2. Classification of SLE and PRL
SLE patients were diagnosed according to the 1997 revised classification criteria of the American College of Rheumatology. The disease activity score was calculated using the SLE disease activity index (SLEDAI) [11]. PRL patients were classified into three groups: 1) Flare of established lupus (f-PRL): patients had active lupus with SLEDAI>4 and at least one of the organs (renal, cardiovascular, respiratory, nervous, gastrointestinal, or hematological system) was affected during pregnancy and puerperium. These patients were at stable disease status (SLEDAI≤4) just before the conception. 2) Stable lupus (s-PRL): SLEDAI≤4, with no clinical manifestation suggesting the involvement of any of the above organs during pregnancy and puerperium. 3) New-onset lupus (n-PRL): SLE newly occurred during the pregnancy and puerperium.
3. Statistical analysis
The Statistical Package for the Social Sciences (SPSS), version 17.0 (SPSS Inc., Chicago, IL, USA) was used for data analysis. Descriptive data are depicted as mean ± standard deviation, median and interquartile range, or frequency (percentage). Statistical analysis included the chi-squared test, Fisher's exact test, Mann-Whitney U-test, and Student's t-test as appropriate. The risk factors for lupus flares during pregnancy were analyzed using binary logistic regression analysis. Entry and removal probabilities for stepwise regression were 0.05 and 0.1, respectively. In all tests, the probability values were two-sided, and p values <0.05 were considered significant.
Results
1. Clinical features
1.1 Demographic data
Among the 155 PRL patients, 41 (26.5%), 41 (26.5%), and 73 (47.0%) cases were n-PRL, f-PRL, and s-PRL, respectively. There were no significant differences in age at disease onset and the percentage of the first conception among the three PRL groups and in disease duration between f-PRL and s-PRL (p>0.05) (Table 1). All n-PRL cases had active lupus with SLEDAI>4, and therefore more than half (n = 82, 53.0%) of the cases in this cohort of PRL had active disease. Among the 82 a-PRL patients (n-PRL+f-PRL), 26 (31.7%), 26 (31.7%), 24 (29.3%), and 6 (7.3%) cases incurred active disease during their first, second, and third trimesters and puerperium, respectively.

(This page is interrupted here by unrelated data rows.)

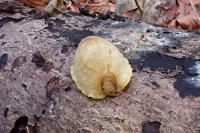 Testacella haliotidea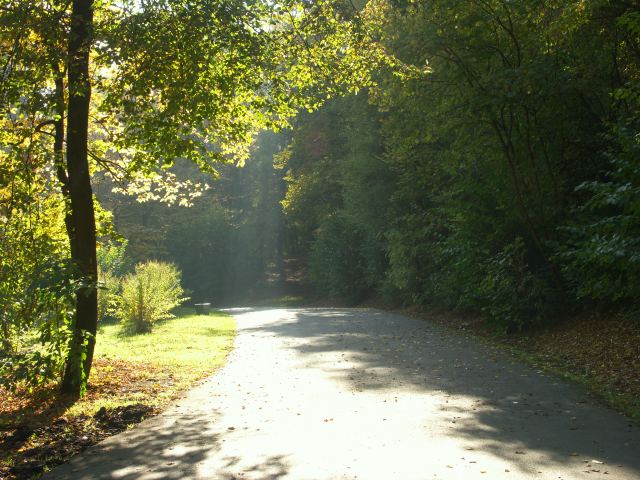 spis.php?category_id=244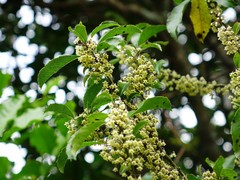 Melicytus macrophyllus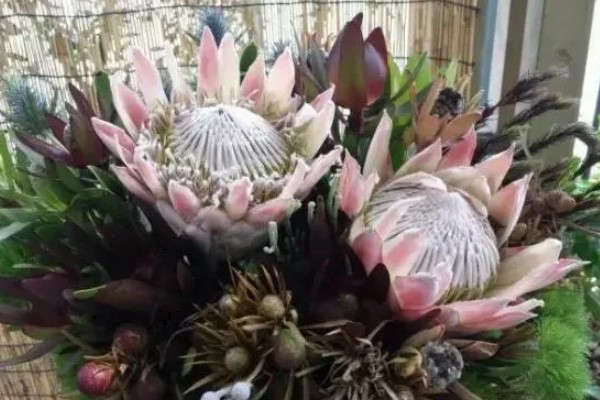 怎么种帝王花,播种一般选在秋季进行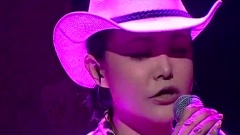 韦嘉 - 爱情的故事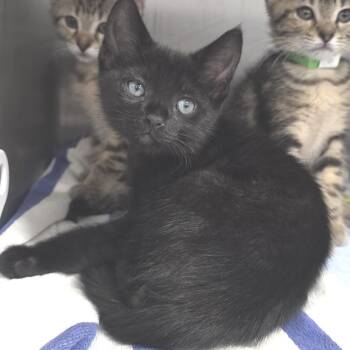Coal -  Domestic Short Hair Cat for Adoption in Fort Wayne, Indiana - Coal | PetCurious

Table 1. Demographic features.
| n-PRL (n = 41) | f-PRL (n = 41) | s-PRL (n = 73) | |
| Age at onset (years) | 25.61±4.34 | 21.51±5.06 | 23.01±5.34 |
| Disease duration (months) | NA | 82.76±41.95 | 72.19±32.87 |
| SLEDAI | |||
| Maximum during pregnancy and puerperium | 11.51±6.92 | 9.32±4.23 | 0.76±0.74 |
| Just before conception | NA | 0,3 | 0, 0 |
| The first conception | 15 (36.6%) | 18 (43.9%) | 31 (42.4%) |
Data are depicted as mean ± standard deviation; median, interquartile range; or number (%).

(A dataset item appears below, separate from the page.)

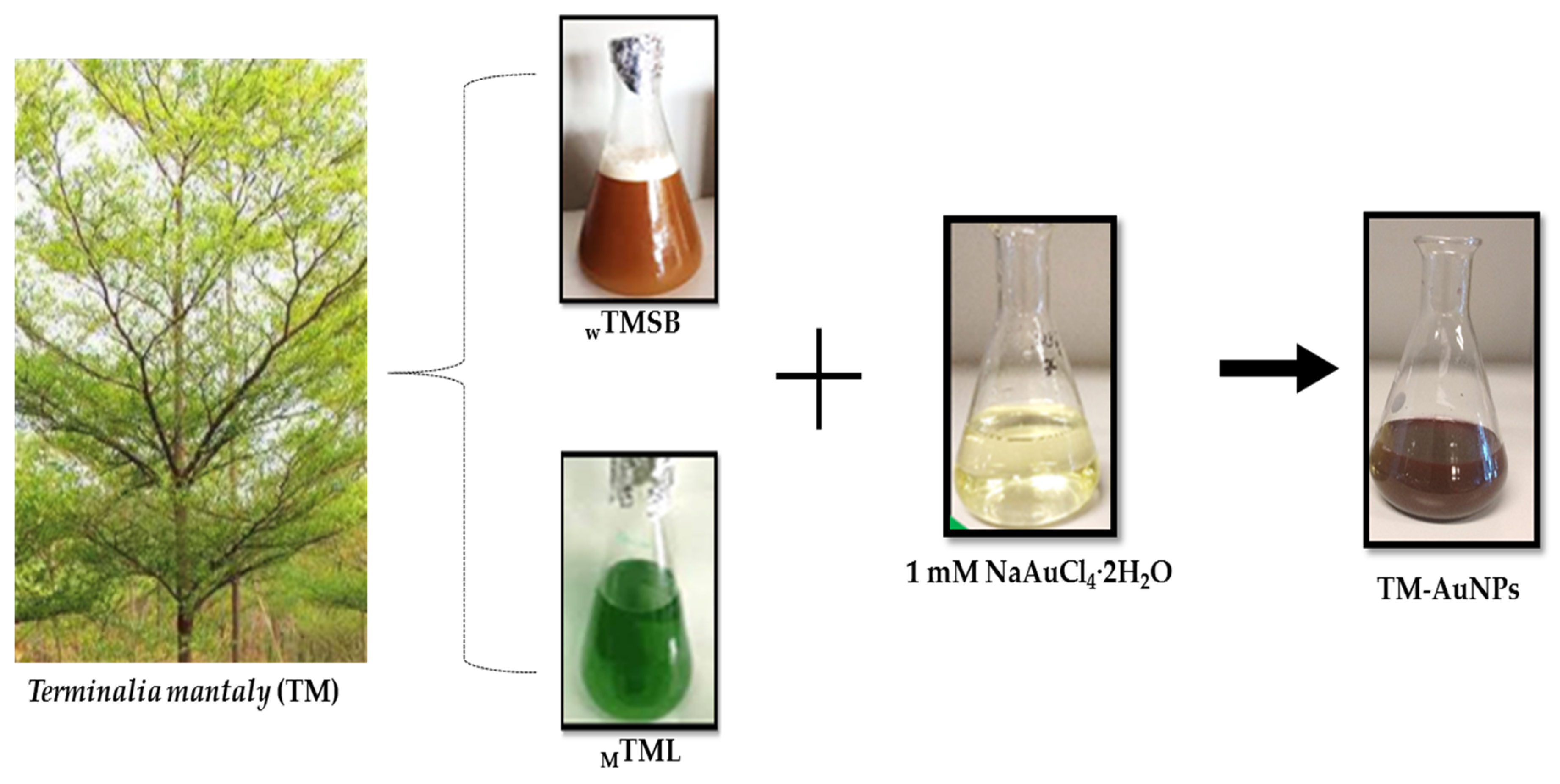 Molecules 25 04469 g001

n-PRL: new-onset lupus during pregnancy and puerperium.
f-PRL: flare of established lupus during pregnancy and puerperium.

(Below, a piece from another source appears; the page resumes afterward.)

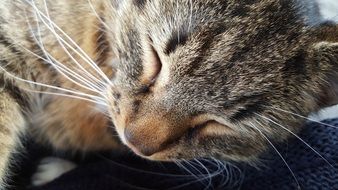 Cat sleep close up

s-PRL: established lupus remained stable during pregnancy and puerperium.
SLEDAI: systemic lupus erythematosus disease activity index.
NA: not available.
1.2 Clinical manifestations
We compared a-PRL patients with nonpregnant active female SLE patients admitted to PUMCH during the same time period (n = 164). As shown in Table 2, a-PRL patients had a higher incidence of renal and hematological involvement as well as thrombotic thrombocytopenic purpura (TTP) but less mucocutaneous and musculoskeletal involvement than nonpregnant active SLE patients (p<0.05). In addition, n-PRL patients had a higher incidence of interstitial lung disease than f-PRL and nonpregnant active SLE patients (p<0.05). f-PRL patients had a higher incidence of renal involvement but a lower incidence of musculoskeletal involvement than n-PRL and nonpregnant active SLE patients (p<0.05). Though PRL patients may develop active disease during all three trimesters, there was no significant difference of clinical features of lupus flare among patients in different trimesters (p>0.05).
Table 2. Clinical manifestations: a-PRL vs. Nonpregnant active SLE.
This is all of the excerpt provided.